The requested output is every line from the one with "this 640×480 image." through the last line below, printed exactly.

[Items from a dataset]

[Start of section]

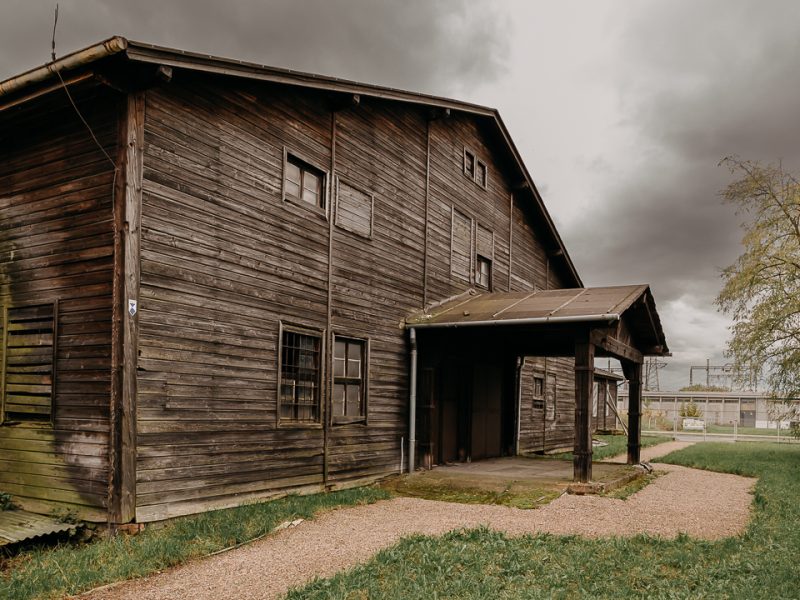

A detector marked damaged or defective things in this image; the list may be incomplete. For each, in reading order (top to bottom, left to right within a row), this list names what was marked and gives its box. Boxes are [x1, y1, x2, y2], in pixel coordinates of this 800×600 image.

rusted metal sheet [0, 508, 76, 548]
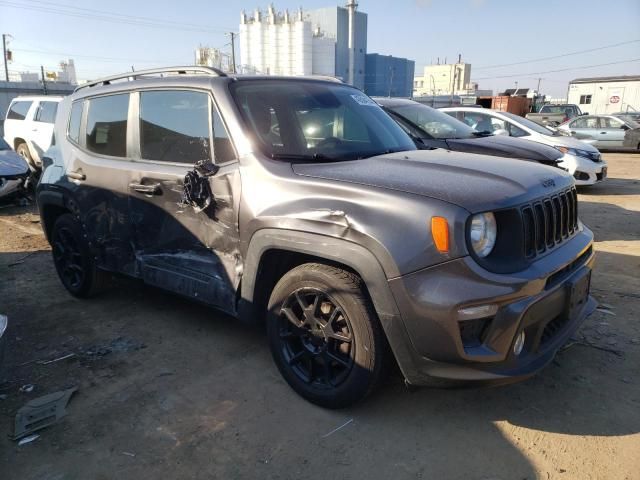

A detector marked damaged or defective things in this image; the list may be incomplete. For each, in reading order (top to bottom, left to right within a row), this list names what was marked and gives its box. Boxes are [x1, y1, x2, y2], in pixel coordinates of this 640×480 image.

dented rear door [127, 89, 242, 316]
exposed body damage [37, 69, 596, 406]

[End of section]

REPLY>
A detector marked damaged or defective things in this image; the list may be incomplete. For each, in reading order (top to bottom, left to right within a row), this list names what was marked and gives its box. Boxes are [x1, y1, x2, y2], in pixel coordinates of this 640×480 image.

dented rear door [127, 89, 242, 316]
exposed body damage [37, 69, 596, 406]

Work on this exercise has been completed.